Mini-review highlighting toxic effects of Triflumuron in insects and mammalian systems
Timoumi Rim, Amara Ines, Ben Salem Intidhar, Souid Ghada, Abid-Essefi Salwa
Monastir University, Laboratory of Research on Biologically Compatible Compounds; Monastir, Tunisia
Introduction
Triflumuron (TFM) is a benzoyl phenyl urea insecticide belonging to the class of IGRs. TFM is widely used around the world to increase crop
yield by protecting them from damage caused by insects. TFM works by inhibiting the synthesis of chitin, an essential part of the insect cuticle,
making it susceptible to pathogens and deformities.

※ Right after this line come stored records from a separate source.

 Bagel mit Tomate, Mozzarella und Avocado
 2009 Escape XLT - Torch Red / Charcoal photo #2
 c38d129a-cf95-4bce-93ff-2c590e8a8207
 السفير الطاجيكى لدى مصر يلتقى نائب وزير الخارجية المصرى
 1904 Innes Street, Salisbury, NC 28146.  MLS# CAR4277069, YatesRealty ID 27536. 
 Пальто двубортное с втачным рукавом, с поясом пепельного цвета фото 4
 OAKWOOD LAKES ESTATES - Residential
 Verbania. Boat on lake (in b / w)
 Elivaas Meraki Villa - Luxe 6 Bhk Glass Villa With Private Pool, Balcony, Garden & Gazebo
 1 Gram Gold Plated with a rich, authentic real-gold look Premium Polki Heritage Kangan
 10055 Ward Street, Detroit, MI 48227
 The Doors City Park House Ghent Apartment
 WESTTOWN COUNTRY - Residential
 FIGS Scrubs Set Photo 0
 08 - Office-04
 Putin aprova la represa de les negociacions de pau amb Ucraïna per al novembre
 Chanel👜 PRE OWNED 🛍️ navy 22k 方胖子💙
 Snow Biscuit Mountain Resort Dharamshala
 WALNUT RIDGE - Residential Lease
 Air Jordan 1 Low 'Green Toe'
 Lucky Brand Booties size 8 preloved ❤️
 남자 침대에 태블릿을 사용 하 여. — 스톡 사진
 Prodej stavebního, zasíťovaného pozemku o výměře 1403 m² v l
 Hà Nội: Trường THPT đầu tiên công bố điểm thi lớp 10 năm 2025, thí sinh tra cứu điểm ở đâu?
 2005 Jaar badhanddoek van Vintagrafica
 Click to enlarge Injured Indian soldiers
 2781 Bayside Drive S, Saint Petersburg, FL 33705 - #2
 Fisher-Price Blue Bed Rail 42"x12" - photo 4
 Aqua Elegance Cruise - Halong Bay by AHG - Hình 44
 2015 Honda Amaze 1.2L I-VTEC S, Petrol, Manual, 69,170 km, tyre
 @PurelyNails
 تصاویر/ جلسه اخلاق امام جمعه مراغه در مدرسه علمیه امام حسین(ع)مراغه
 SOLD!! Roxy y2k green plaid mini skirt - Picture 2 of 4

However, studies revealing its toxicity and its mode of action in mammalian systems remain
very limited. The aim of this review is to better inform the community about the impact of TFM on crops, the environment, and human beings by
summarizing its toxic effects.
1- TFM uses
TFM is used to protect crops (apples, tomatoes, fruits, vegetables, forest trees, and cotton) and domestic animals (horses,
sheep, and chickens) against a broad spectrum of pests. However, TFM also causes collateral damages which include serious
health effects and environmental damage.
2- TFM exposure route
Human exposure to TFM is primarily through t h e ingestion of contaminated food with TFM residues detected in many crops such
as tomatoes, apples, and frozen pears. When ingested, TFM can cause nausea, vomiting, and abdominal pain. Dermally, TFM
penetrates the skin and could be the cause of serious skin changes such as stinging and itching. The pulmonary route represents also
an important route because the products are transported rapidly to the blood via the pulmonary air. In fact, the product enters the
lungs by inhaling contaminated air which results in respiratory disorders including headaches and dizziness
3- TFM Toxicokinetic
The oral route is the primary route of absorption for this insecticide (with a percentage ranging from 78 to 96%). The lowest levels of
absorption are through the skin or by inhalation. Distributed preferably in adipose tissue, the maximum concentration in most organs
(liver, kidney, lungs, spleen, intestines) and tissues remain in blood circulation between 8 and 72 hours after administration. However,
the low amount of residue and the rapid excretion (89-95% in 48h via urine and feces) suggested that there is no bio-accumulation in
the body. The major metabolic pathways include hydrolysis, conjugation, and/or hydroxylation, with up to 26 components identified in
bile.
4- TFM mechanism of action
The figure below summarizes the results, showing the toxic impact of
TFM in both human hepatic and spleen cells after their treatment with
concentrations ranging from 50 µ M to 200 µ M . This toxicity
essentially takes place via oxidative stress causing cytotoxic and
genotoxic damages in both cell types tested. This cytotoxicity was
elucidated by a dose-dependent decrease in cell viability, MDA
production, Hsp 70 induction, and disruption of the antioxidant
enzymatic cell defense system. In addition, genotoxicity was evidenced
by the drop in mitochondrial transmembrane potential, disruption of
the Bax / Bcl-2 balance, and ultimately DNA fragmentation leading to
mitochondrial apoptosis. Additionally, this study indicated that liver
cells were more sensitive to TFM exposure than renal cells,
Conclusion
All prior studies on TFM toxicity focused exclusively on insects. Our motivation for the current review to include both insects and
mammalian systems was to broaden the understanding of TFM since its use is widespread worldwide, including here in Tunisia. It was
known prior to our research that TFM toxicity in crops is harmful when consumed by farm animals. But our research also found that
humans could experience liver and spleen cancer since we found evidence of hepatotoxicity and nephrotoxicity. Our focus in this
research was the consumption of contaminated crops by humans, but toxicity is also passed to animals through their consumption of the
crops. There are, obviously, policy implications that need to be considered.